Мысль достаточно простая: общественное движение стало расти. На митингах ситуация «митинговая», не подходит для серьезного обсуждения. А здесь можно реально поднимать и обсуждать самые острые, самые злободневные вопросы. Первая дискуссия, которая там проходила, была о роли самодеятельных объединений, что называется неформальных объединений, в обществе. И, естественно, я оказался ведущим. Мне сказали: «Ты будешь ведущим, у тебя будет второй ведущий из Московского райкома партии. Тут – наша публика, тут, условно говоря, – твоя публика. Нашим больше слова давать, других прерывать». И началось. А их публика совсем не подготовлена к дискуссии была. Поэтому они просто все растерялись. Никто не знал, что говорить. Публика собралась разная. Там рядом проходили какие-то курсы кройки и шитья, они заглядывали, что за антисоветчина такая. Бедная директор дома культуры Нина Васильевна заперлась в кабинете и вообще не выходила. Ну и что мне делать? Обкомовские вообще слова сказать не могут, а «мои» прут. Их люди, партийные активисты, как начнут говорить, это такой хохот вызывало. Они говорят, что руководящая роль партии это хорошо, а им: «Но мы же за власть Советов». Они: «А что вы считаете, что должно быть много партий?» Все: «А как вы считаете?». Так вышли в открытую дискуссию. Еще тогда клуба «Перестройка» не было.

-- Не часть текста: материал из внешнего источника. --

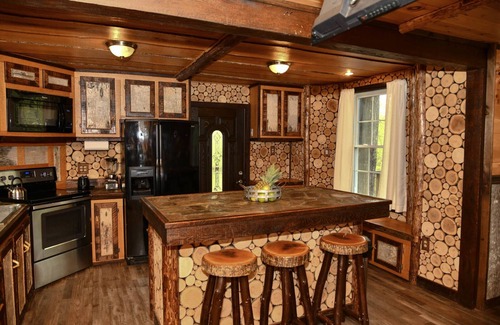 Stoneham House | Treehouse in Maine woods- The Grand Oak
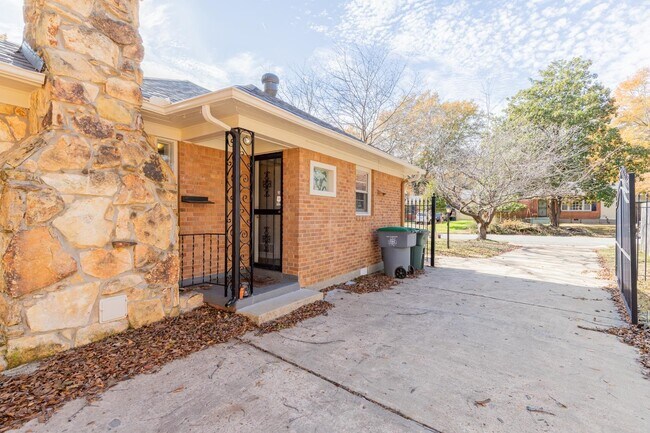 Building Photo - 742 Ivy Rd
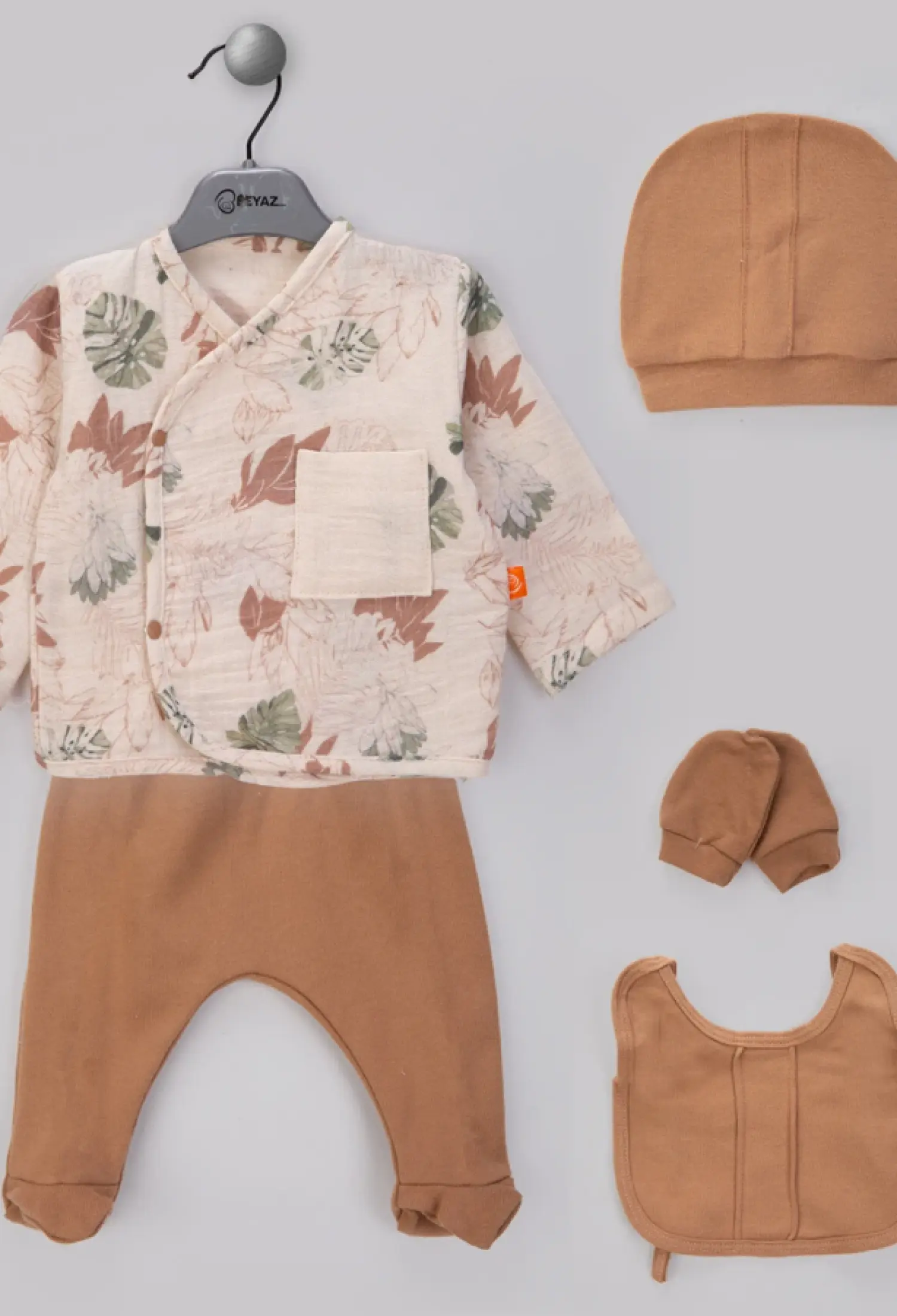 Desenli Yenidoğan Erkek Bebe 5li Set - Brand: BEYAZ BEBEK - Kids & Bby Clothes From Peralane Kids Turkey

Там он и зарождался. И как начнет этот пропагандист в духе известной тогда Нины Андреевой что-то нести, ему просто не дают ничего сказать. Перерыв. Иду к директору. Сидят там люди такие, улыбчивые. Я их сразу всегда узнавал. И, соответственно, люди из обкома партии. «Ты что делаешь?» На что я: «А что ваш-то ведущий сидит со мной и вообще молчит?». – «Ну да, в этом смысле не повезло, это мы потом разберемся». Ну и эти, улыбчивые, тоже: «Все хорошо, молодец, все правильно делаешь». Обкомовцы наезжали, а эти успокаивали.

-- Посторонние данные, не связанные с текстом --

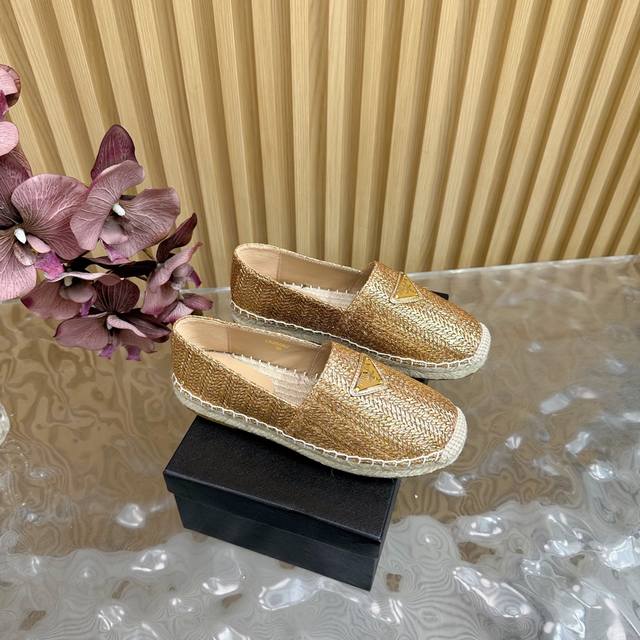 Prada 普拉达 2025年早春新款 鱼嘴 草编渔夫鞋单鞋 这款草编鞋配有草编内底。经柔软的羊皮面料，材质重释的版型饰以刺绣刻字徽标，呈现传统与现代格调的上佳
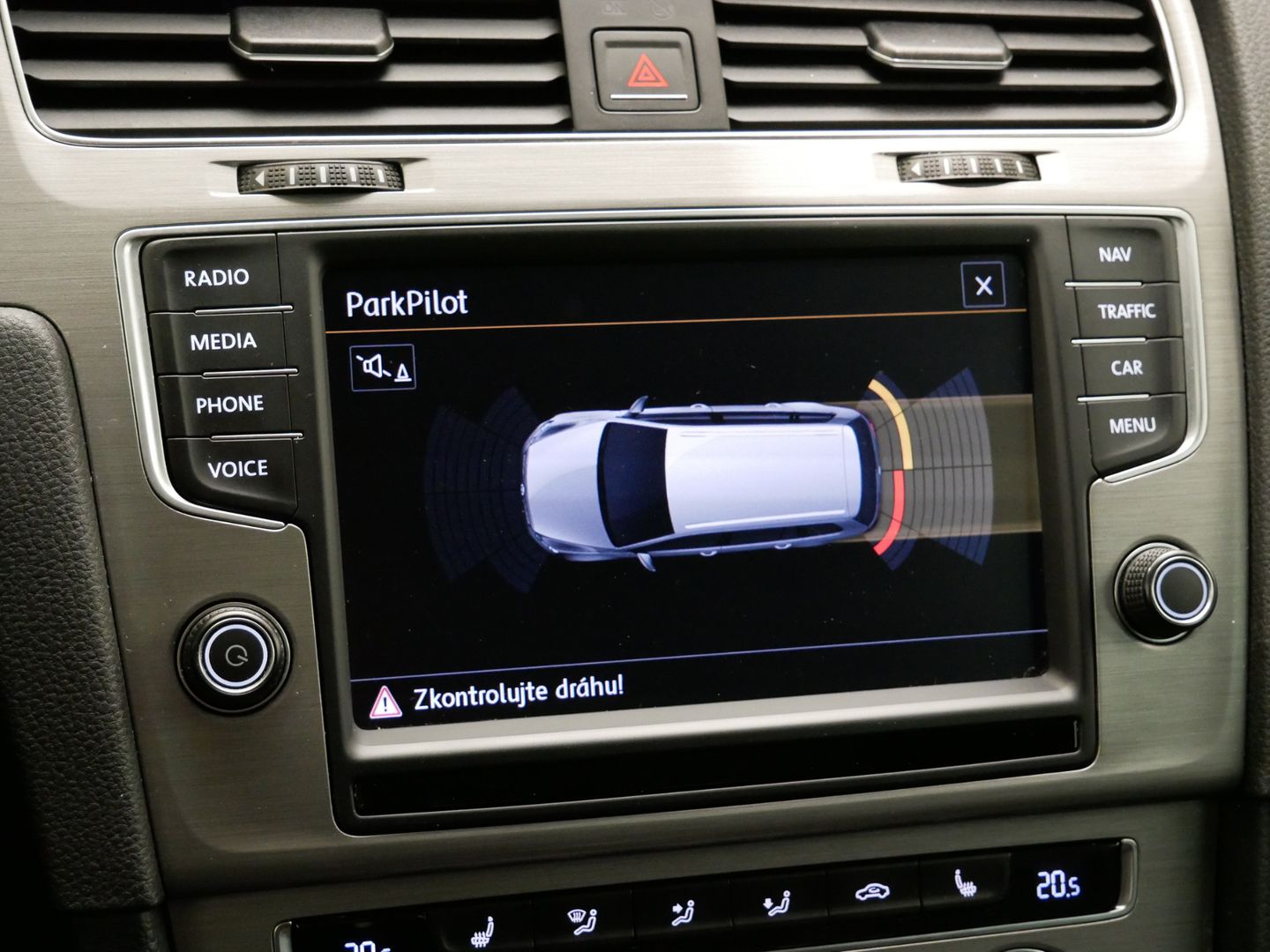 Volkswagen Golf 2.0 TDI/TAŽNÉ/XENON/ATRAKTIVNÍ/NAVI/MASÁŽ/DPH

Несмотря на то, что первый блин получился комом, видимо, «улыбчивым» очень понравилась эта тема. Дискуссии продолжились. Огромная была дискуссия по национальному вопросу. Мне помогли, обеспечили участие очень умного человека – директора Пушкинского Дома Николая Скатова. Получилась очень крутая дискуссия.

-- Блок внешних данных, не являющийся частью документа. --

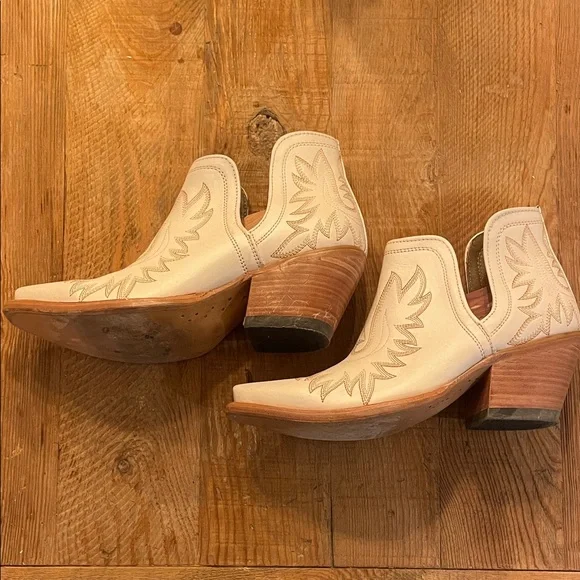 Ariat Stylish Cream Western Ankle Boots - Picture 4 of 8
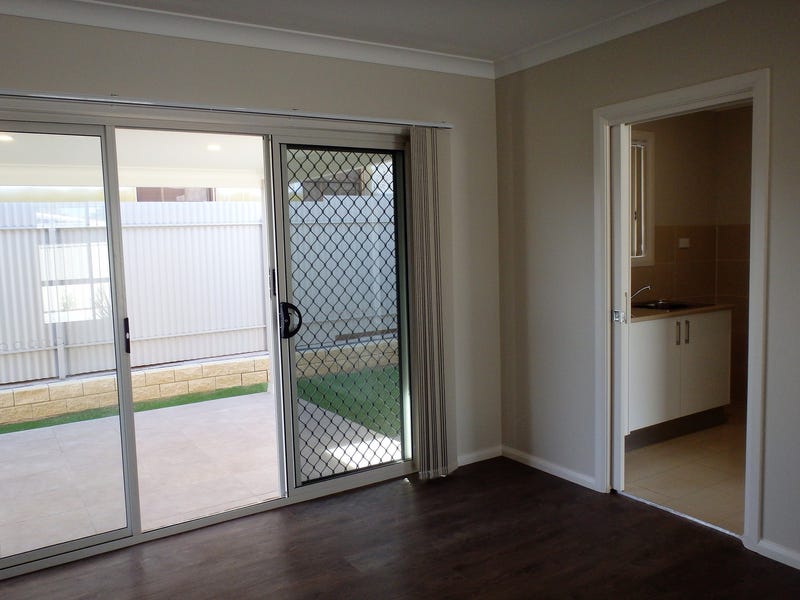 Recently built modern unit offers 9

Затем мы провели дискуссию о войне в Афганистане. Очень было, конечно, круто, когда мы столкнули ДС и афганцев. Лето, жарко, окна были открыты. Мы спустились вниз. Народ, который мимо проходил, просто в ужасе был от того, что там говорили. Настолько было непривычно, когда люди по-другому смотрят на войну, армию.
Много людей проходило через эти дискуссии. Зал всегда был полный. У меня было несколько кличек, в том числе «свой среди чужих и чужой среди своих». Но с уважением относились с одной и с другой стороны. Даже самые отъявленные антипартийщики, диссиденты бывшие подходили тогда и говорили: «Серега, мы уважаем, что ты искренен в своих заблуждениях. Пройдет время, и ты поймешь, что был когда-то не прав. Но ты действительно искренен том, что считаешь».
Один раз даже рискнул выступить в «Клубе-81», туда съехались разные диссиденты. И я там. И мне было о чем говорить, потому что тогда под моим крылом в Центре творческих инициатив, непосредственно в ДК Ильича, уже «Мемориал» появился.
С «Мемориалом» была история. Они были группой, которая действовала при Центре творческих инициатив. А Центр был тогда уже зарегистрирован, у нас была печать. И наступают выборы на Съезд народных депутатов СССР, где Болдырев победил Герасимова, первого секретаря горкома партии. И тогда группе поддержки Болдырева нужны были наблюдатели, они хотели их на всех участках посадить. Я дежурил в приемной обкома комсомола, были ночные дежурства. И вот ночью пришли ко мне из «Мемориала», и я в приемной обкома комсомола ставил печати Центра творческих инициатив на заявления. Много-много бумажек, нужно было на каждую поставить печать.[...]
– Расскажите о центрах научно-технического творчества молодежи, их рассматривают как легальный способ перекачки казенных денег в личный карман. В Петербурге было подобное?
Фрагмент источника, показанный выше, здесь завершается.